CBRE shares closed up 2.9% at US$25.34 on the New York Stock Exchange, after ING shares closed down 0.28% in Amsterdam.

"It speaks to CBG's global platform and puts the company in line with growing institutional demand to own real estate," Barclays Capital analyst Ross Smotrich said in a note.

CBRE Investors, which has about US$37.6 billion of assets under management, has primarily focused on properties that need upgrading before they are sold.

ING's real estate and investment business, ING REIM, has primarily focused on funds that invest in properties with a steady cash flow as well as listed real estate securities.

In Asia, ING REIM manages funds that invest in riskier deals such as new developments as well as properties that need upgrading.

CBRE also will acquire Clarion Real Estate Securities (CRES), ING's US-based global real estate listed securities business.

ING Group's insurance business agreed to keep its investment in the funds for 10 years and gave CBRE an exclusive contract for its European real estate investments, As a customer, the insurance business contributed about 12% of the equity flowing to the investment management businesses.

The deal, which is expected to close in the second half, does not include ING's US-based direct real estate investment management company. ING agreed to sell that business, Clarion Partners, to Clarion Partners' management in partnership with US private equity firm Lightyear Capital LLC for US$100 million.

CBRE also will acquire about US$55 million of CRES co-investments from ING and potentially interests in other funds managed by ING REIM Europe and ING REIM Asia.

It expects to incur US$150 million of additional costs related to the acquisition, closing costs and pay to retain about 700 ING employees. That brings the total cost of the deals to US$1.15 billion. It plans to pay with cash on hand and credit facilities.

At the end of 2010, CBRE had more than US$500 million of cash, about US$650 million undrawn on its revolving credit facility, and US$800 million on another credit line,

The board has approved a plan that would allow CBRE to sell shares to raise US$250 million, but the company has not yet decided whether to do that, White said.

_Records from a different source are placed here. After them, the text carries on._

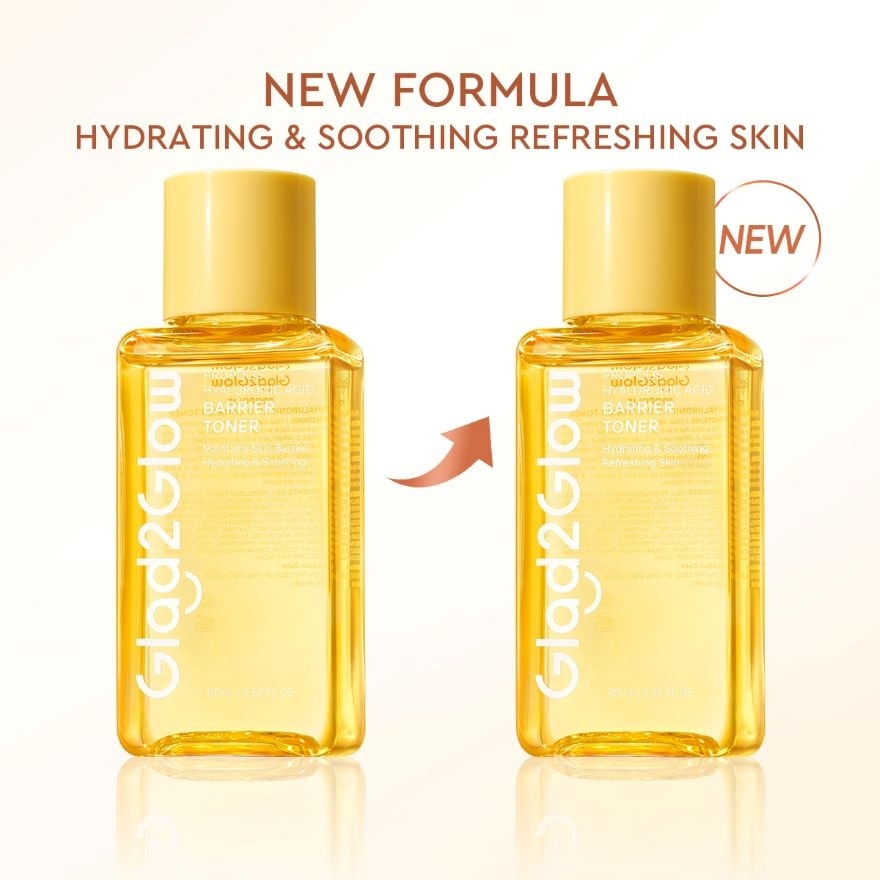 Propolis Hyaluronic Acid Barrier Toner 80ml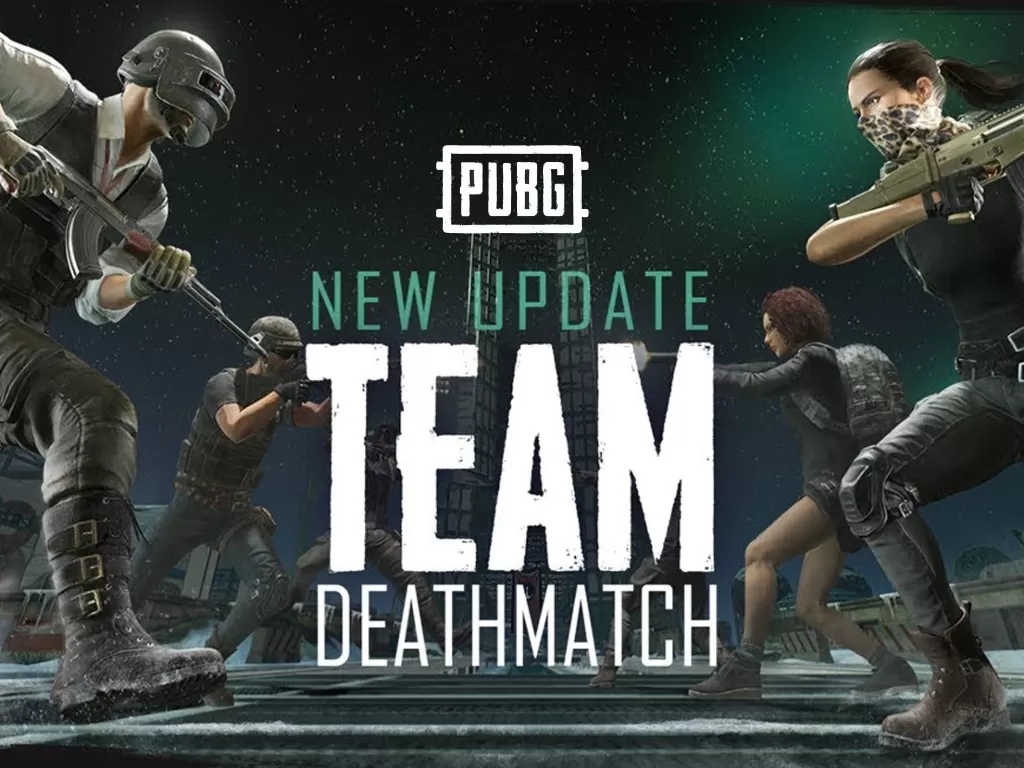 Team Deathmatch di PUBG Steam (photo/PUBG Corporation)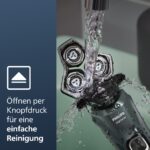 Philips Series 5000 Elektrorasierer – Nass- & Trockenrasur mit SkinIQ-Technologie für Herren – Bild 7
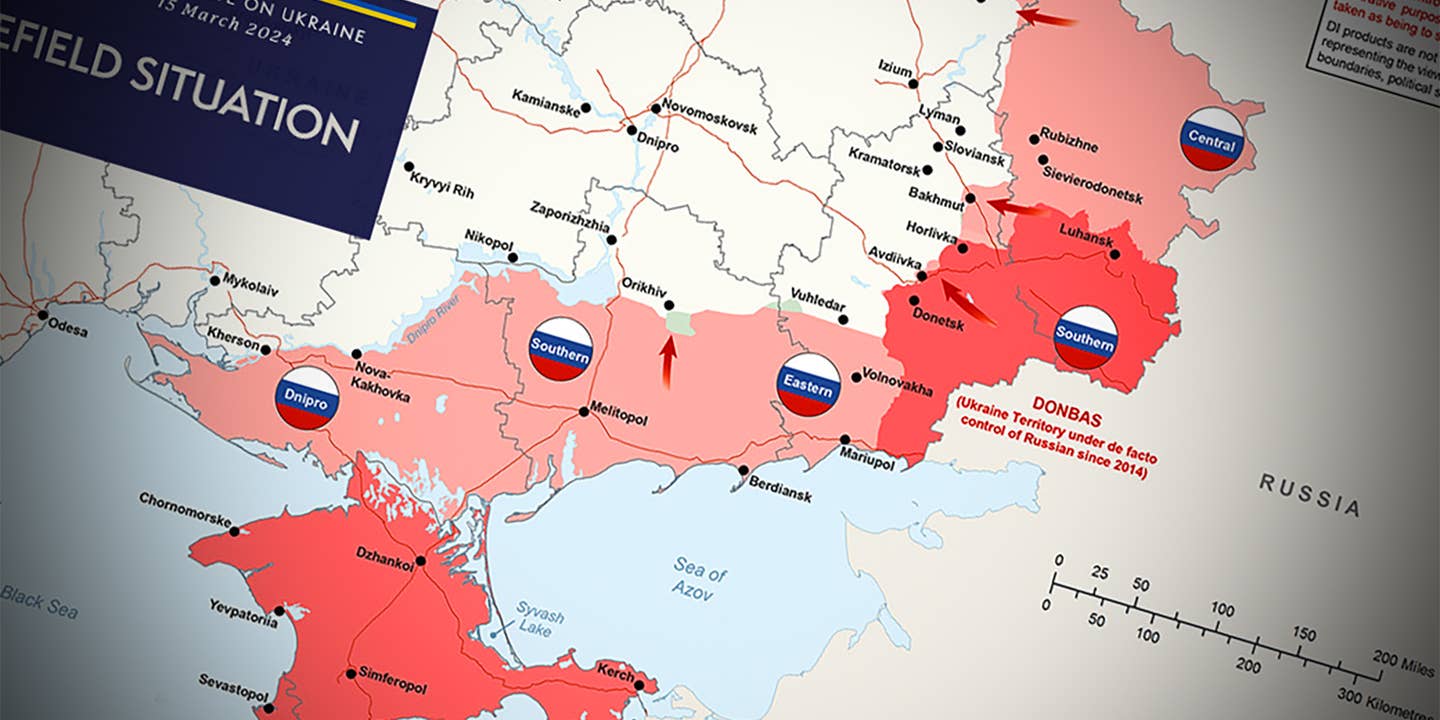 Russia now wants a 'buffer zone' between it and Ukraine.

ING said the sales would result in an after-tax gain of about €500 million (RM1.54 billion).

ING needs to pay back €5 billion in state aid plus costs following its US$10 billion bailout in 2008. In January 2010, ING sold its Asian private banking operations for US$1.5 billion to Singapore's Oversea-Chinese Banking Corp.

The Dutch firm, which was forced to split its insurance and bank operations to obtain European Commission approval for the state aid, had writedowns of several billion euros during the credit crisis, partly because of its property investments.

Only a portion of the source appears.